#### DATA:
==================================================
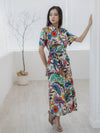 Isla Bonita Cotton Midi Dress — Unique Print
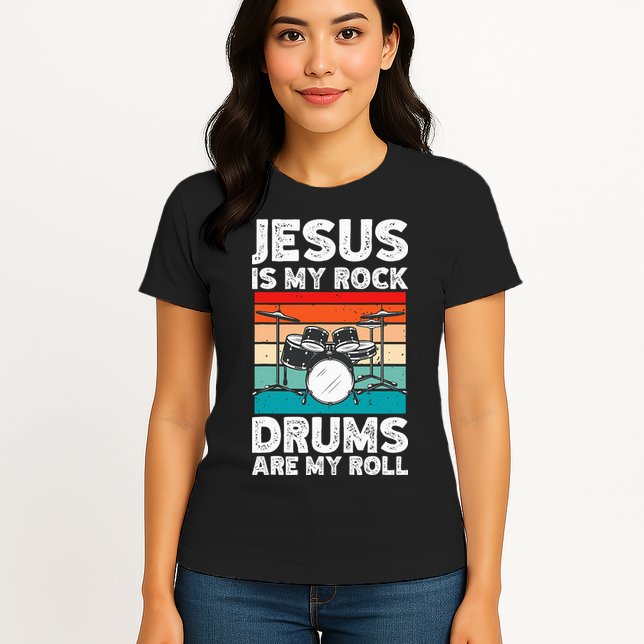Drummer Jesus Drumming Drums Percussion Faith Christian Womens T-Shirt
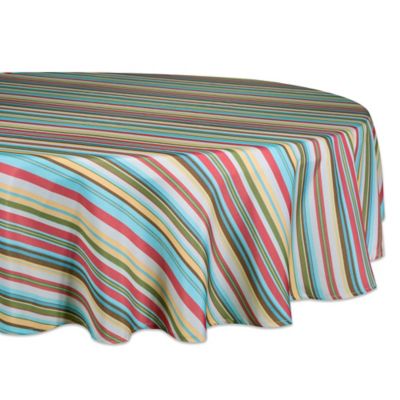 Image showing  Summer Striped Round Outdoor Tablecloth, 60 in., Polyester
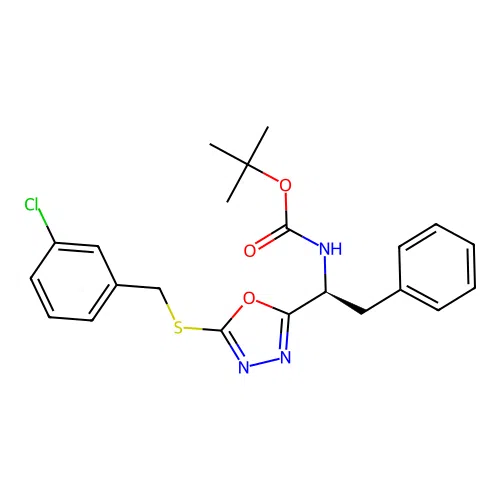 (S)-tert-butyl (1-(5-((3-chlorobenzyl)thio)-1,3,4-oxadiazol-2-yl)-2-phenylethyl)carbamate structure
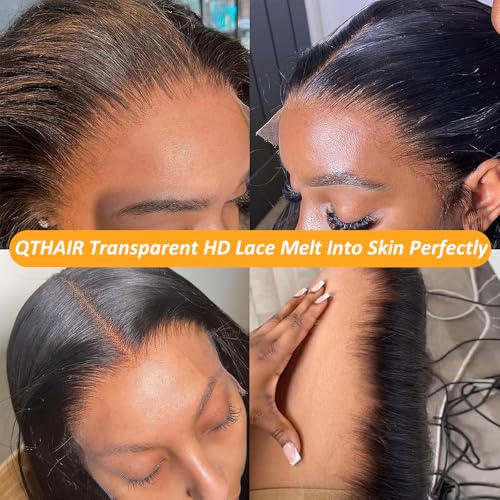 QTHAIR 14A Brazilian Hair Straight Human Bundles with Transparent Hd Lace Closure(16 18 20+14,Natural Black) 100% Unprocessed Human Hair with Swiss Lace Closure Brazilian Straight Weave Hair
==================================================
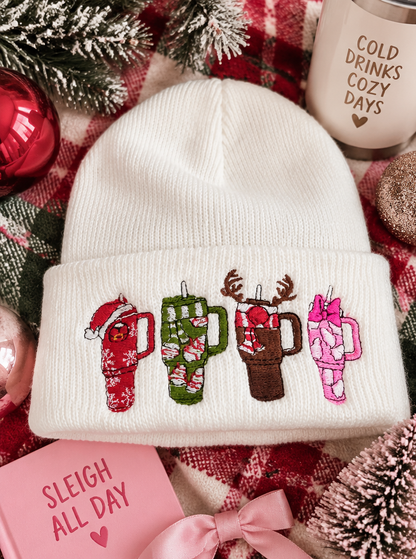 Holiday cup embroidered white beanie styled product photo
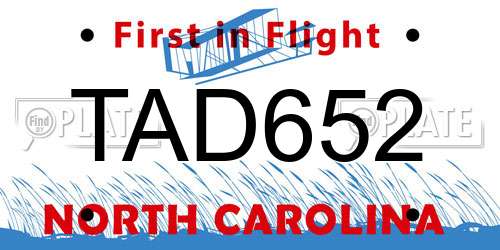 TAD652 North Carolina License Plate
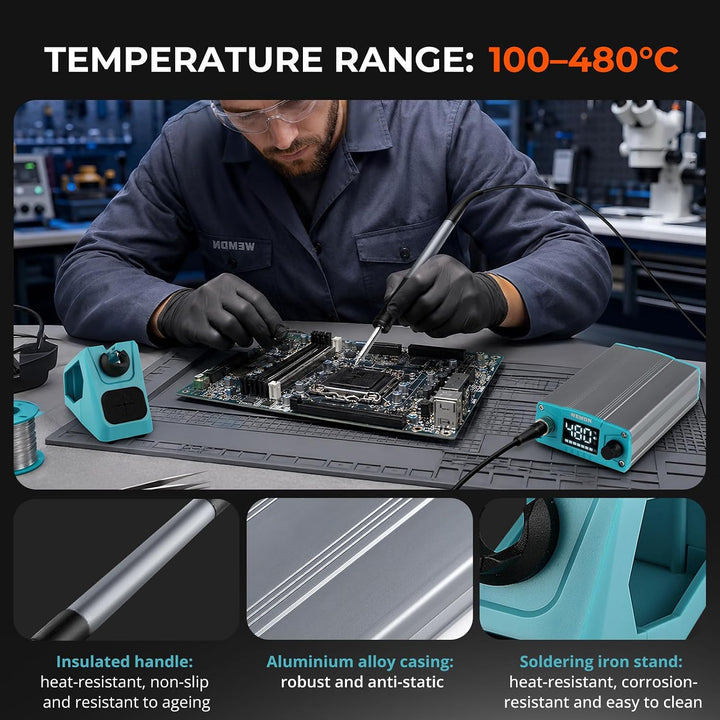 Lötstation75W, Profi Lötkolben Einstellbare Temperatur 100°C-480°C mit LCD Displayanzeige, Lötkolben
==================================================
#### ASSIGNMENT:
Copy out the listing above from the line containing "Isla Bonita Cotton Midi Dress — Unique Print" to the line containing "QTHAIR 14A Brazilian", both included, exactly as written and minus the images.

#### TASK ANSWER:
 Isla Bonita Cotton Midi Dress — Unique Print
Drummer Jesus Drumming Drums Percussion Faith Christian Womens T-Shirt
 Image showing  Summer Striped Round Outdoor Tablecloth, 60 in., Polyester
 (S)-tert-butyl (1-(5-((3-chlorobenzyl)thio)-1,3,4-oxadiazol-2-yl)-2-phenylethyl)carbamate structure
 QTHAIR 14A Brazilian Hair Straight Human Bundles with Transparent Hd Lace Closure(16 18 20+14,Natural Black) 100% Unprocessed Human Hair with Swiss Lace Closure Brazilian Straight Weave Hair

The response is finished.